> **HOW TO COMPLETE THIS TASK**: Below this line are records; transcribe exactly the lines between the one holding "노르웨이 직접 공수한" and the one holding "Ahbap Soruşturmasında Tutuklanan", inclusive, and omit the pictures.

> **RECORDS SHOWN**:
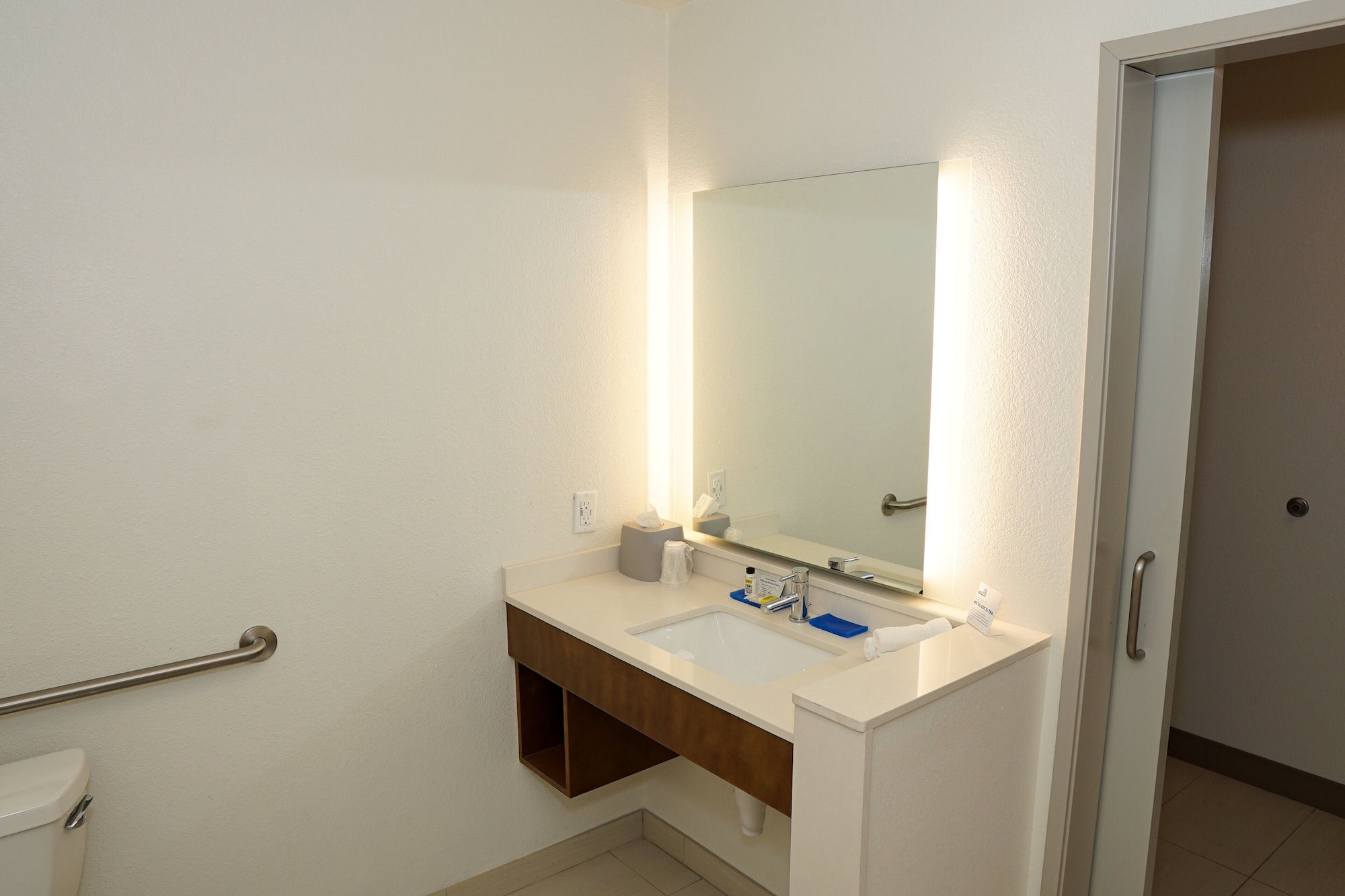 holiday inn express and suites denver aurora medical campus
--
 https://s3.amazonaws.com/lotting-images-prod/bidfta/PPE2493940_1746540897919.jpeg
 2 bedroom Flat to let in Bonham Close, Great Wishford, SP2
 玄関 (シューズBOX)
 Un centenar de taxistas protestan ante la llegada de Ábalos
==
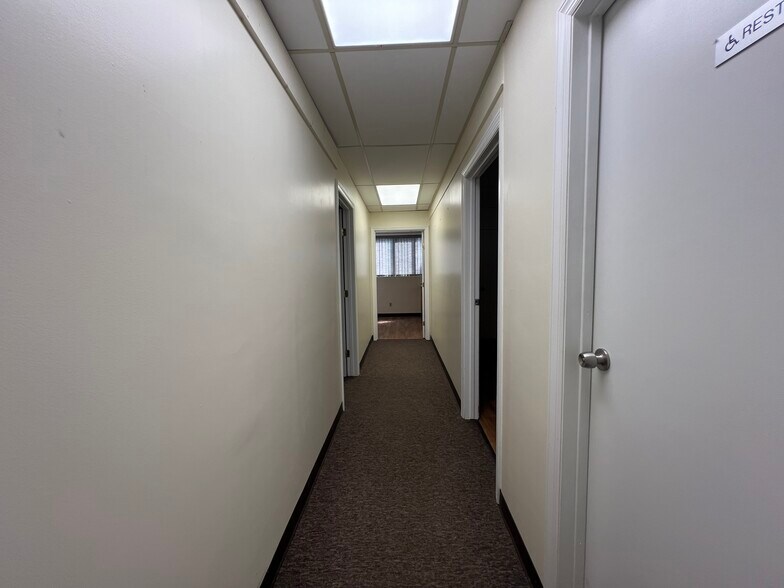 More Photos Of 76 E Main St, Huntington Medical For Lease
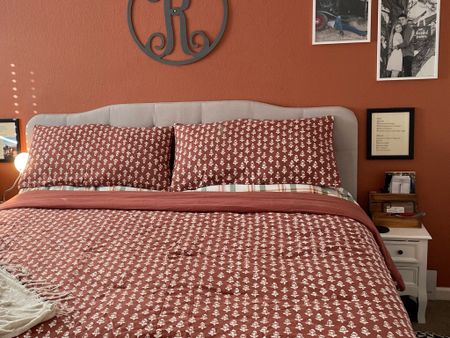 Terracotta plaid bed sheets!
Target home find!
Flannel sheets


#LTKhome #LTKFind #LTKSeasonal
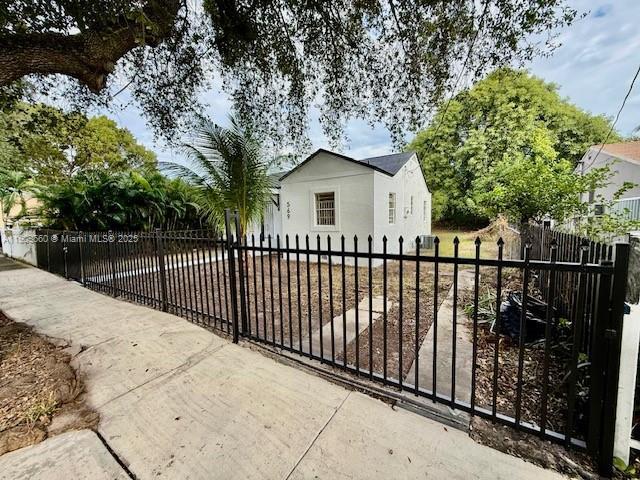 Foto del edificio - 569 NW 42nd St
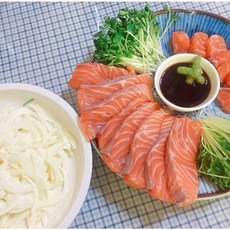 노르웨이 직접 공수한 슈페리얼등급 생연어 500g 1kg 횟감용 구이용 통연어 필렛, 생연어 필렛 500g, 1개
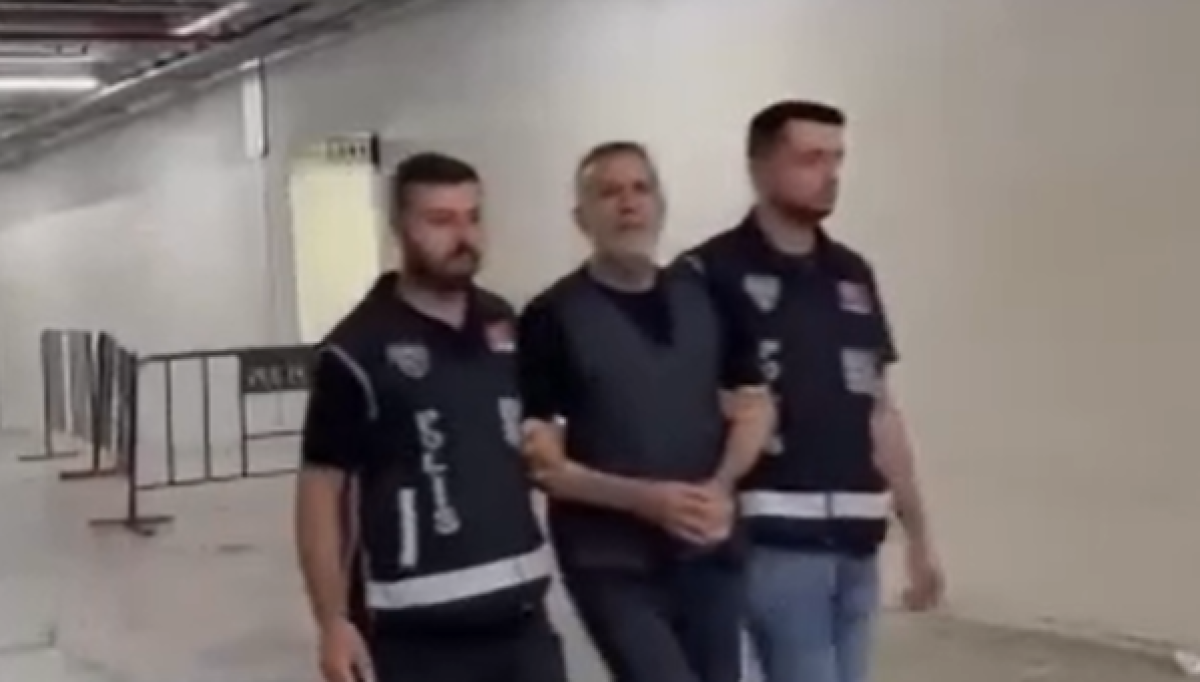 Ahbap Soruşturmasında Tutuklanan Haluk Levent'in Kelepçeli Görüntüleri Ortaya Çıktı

> **EXERCISE RESULT**:
 노르웨이 직접 공수한 슈페리얼등급 생연어 500g 1kg 횟감용 구이용 통연어 필렛, 생연어 필렛 500g, 1개
 Ahbap Soruşturmasında Tutuklanan Haluk Levent'in Kelepçeli Görüntüleri Ortaya Çıktı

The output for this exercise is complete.